Alpha Ramushwana5 July 2025 | 12:10

Steenhuisen stands by DA's decision to pull out of upcoming National Dialogue

In his reply to Mbeki’s open letter, where the former president questioned the DA’s decision to pull out of the dialogue, Steenhuisen defended his party’s stance.

Steenhuisen stands by DA's decision to pull out of upcoming National Dialogue

FILE: DA leader John Steenhuisen addressed a media briefing on 28 January 2025. Picture: Thabiso Goba/EWN

Democratic Alliance (DA) Leader John Steenhuisen has described former president Thabo Mbeki’s assertion that all Government of National Unity (GNU) parties must take part in the National Dialogue as disingenuous, given that Mbeki only consulted the ANC when the coalition government was being set up.
 
In his reply to Mbeki’s open letter, where the former president questioned the DA’s decision to pull out of the dialogue, Steenhuisen defended his party’s stance.
 
The DA withdrew from the process last month after Andrew Whitfield was fired as Deputy Minister for Trade, Industry and Competition.
 
The party’s withdrawal has sparked criticism from several quarters, with Mbeki questioning why the DA forms part of the GNU if it refuses to engage in such initiatives.
  
In his open letter, Mbeki discloses that he advised the ANC National Executive Committee (NEC) on launching a National Dialogue and how it should be structured.
 
Replying to this letter, Steenhuisen argues this reinforces the DA’s concern that the dialogue is nothing more than an ANC electioneering tool ahead of next year’s municipal elections.
 
He further highlights that the DA and other parties were neither consulted nor given the courtesy of sharing an opinion before the idea was put forward.
 
For these reasons, Steenhuisen says there is no justification for the DA to join what he describes as an expensive ANC talk shop.
 
“You explain how you attended an ANC National Executive Committee (NEC) meeting sometime after June 2024, where you persuaded the ANC to accept your bona fides as a non-government organizer of this dialogue.

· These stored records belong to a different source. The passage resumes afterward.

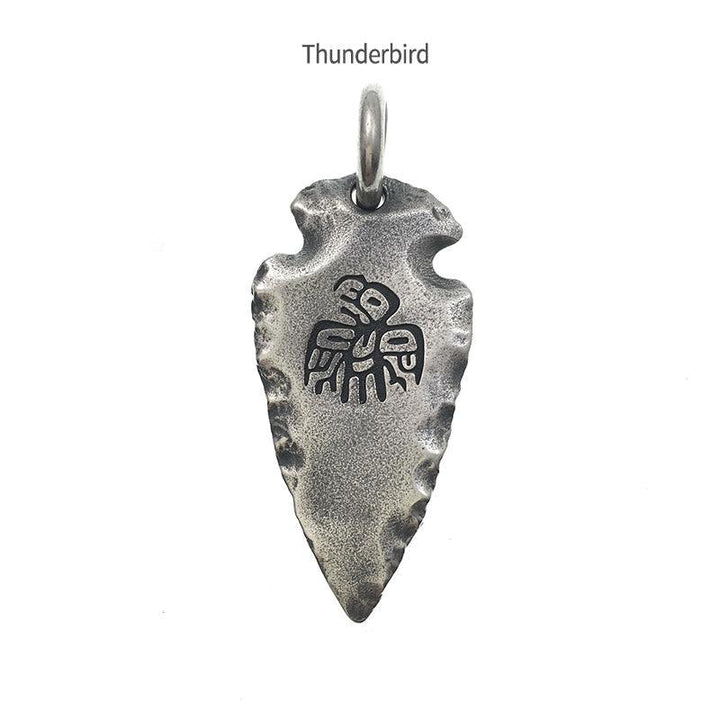Spearhead Sterling Silver Pendant - Urcsilver
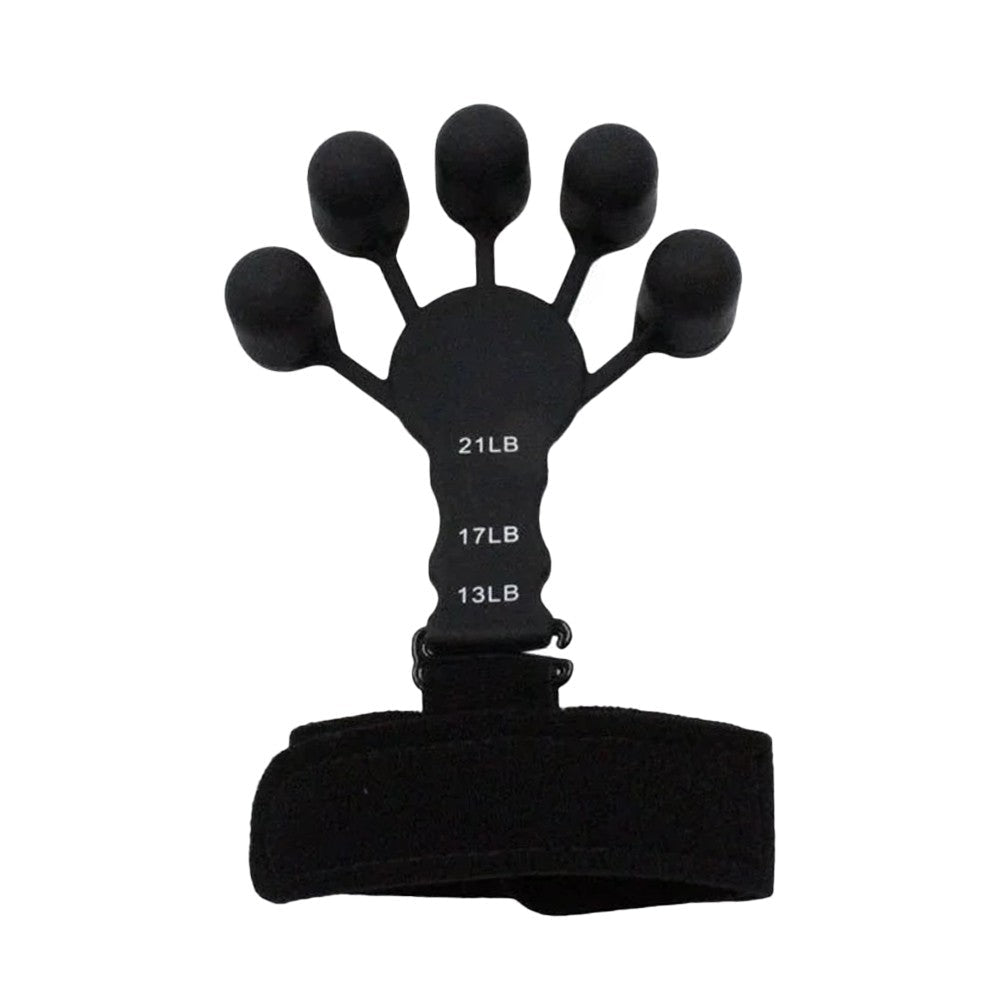 4Pcs Finger Exerciser Hand Grip Strength Trainer Finger Strengthener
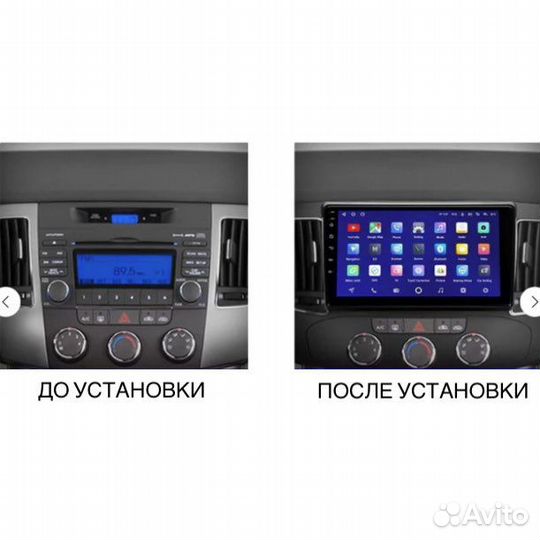 Андроид магнитола Hyundai Sonata 2008-2010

You say how you were able to advise the ANC NEC that the larger part of civil society would not attend a national dialogue organized either by the ANC or the GNU. In short, the idea of the national dialogue has been strategized and planned for some time between you and the ANC, with no similar courtesy extended to any other political party in the GNU. This confirms that this national dialogue is a creature of the ANC that has been sprung upon the public with the disingenuous claim it is an ‘inclusive’ process,”  Steenhuisen wrote.
 
With the cost to hold the dialogue projected to exceed R700 million, Steenhuisen insists the DA will not back an initiative which he believes squanders public money.